Notre lecture des récits bibliques et ses conséquences

La rencontre de Jésus avec le jeune homme riche, en Luc 18,18-30, montre que les choix entre ces trois voies possibles, dépend aussi de notre interprétation des récits bibliques.

Jésus demande à une homme riche de vendre tout ce qu’il a, de le distribuer aux pauvres et de le suivre. Et l’homme, pourtant en recherche, renonce.

Si Jésus demande à l’homme riche de renoncer à ses richesses parce que toute possession est une désobéissance à Dieu, alors il renforce l’exigence éthique de la Torah.

Si Jésus demande à l’homme de renoncer à ses richesses parce qu’elle est une idole pour lui (et, pas, par exemple, pour Zachée), alors Jésus fait de l’éthique une mise en cohérence avec notre foi (j’ai été libéré par Dieu, je dois donc ne pas me mettre sous le joug d’un maître comme l’argent).

Si Jésus demande à l’homme de renoncer à toutes ses richesses … parce qu’il sait que cela lui est impossible et qu’ainsi il pourra se découvrir aimé pour rien, alors le seul usage religieux de la loi est de nous convaincre de notre impossibilité à mériter le salut par notre obéissance.

Pour conclure

Tout penseur est marqué par son itinéraire personnel … même quand il est inspiré par Dieu.

En tant que pharisien, Paul a mesuré combien la pression que la loi religieuse fait peser sur les fidèles est mortifère : elle conduit à la violence, à la dépression ou à l’orgueil. Par ses écrits, le christianisme a pu s’arracher de la tentation légaliste. Nous ne sommes donc plus soumis à la Loi.

Qu’est-ce qui guide désormais notre agir ?

– Une morale civique, commune « aux hommes de bonne volonté », même si cette morale va rarement de soi et doit pouvoir s’arc-bouter sur des principes intangibles (par exemple, pourquoi lutter contre l’esclavage si on ne postule pas l’égalité de tous les humains, quelle que soit leur race ?) .

– La sanctification, le travail spirituel de Dieu en nous, qui nous transforme intérieurement. La prière est la voie privilégiée de ce changement.

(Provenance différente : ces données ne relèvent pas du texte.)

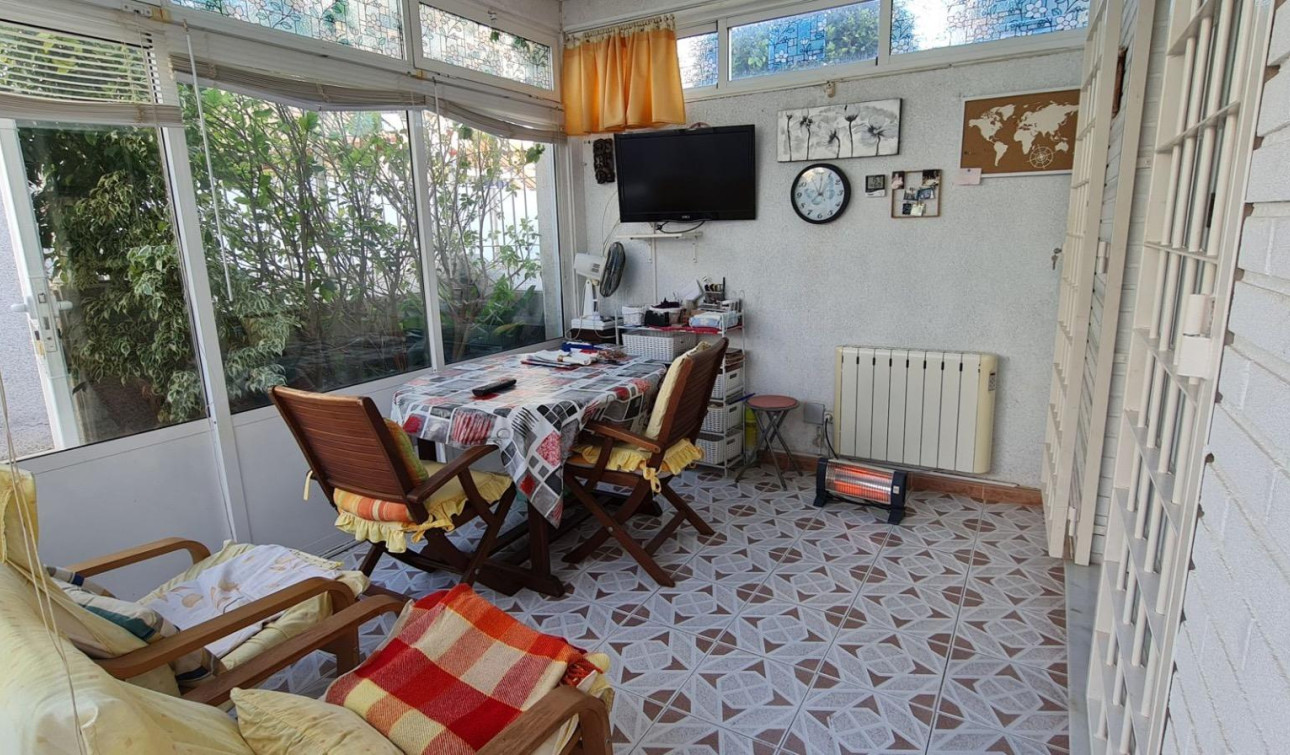 Reventa - Casa de Pueblo - Torrevieja - Aguas Nuevas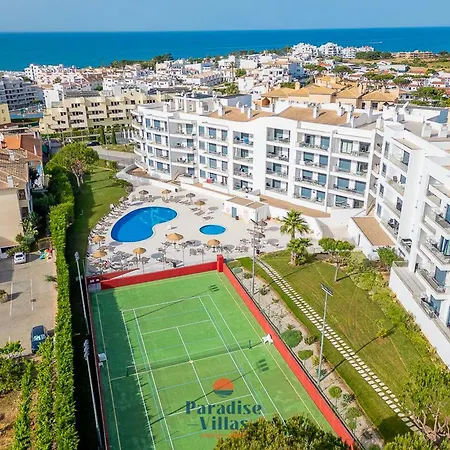 Two Bedroom With Sea Views In Apartman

– L’assurance que nous sommes aimés tels que nous sommes et que nous n’avons pas à mériter notre salut par une quelconque réussite matérielle, intellectuelle ou morale.

– La méditation des textes bibliques qui inspire notre pratique, notre éthique … au risque de l’interprétation

– Suivre Jésus-Christ, en nous inspirant de son enseignement, de sa façon de vivre, de rencontrer, de prendre soin, d’écouter, de s’insurger, de pacifier les relations, d’espérer.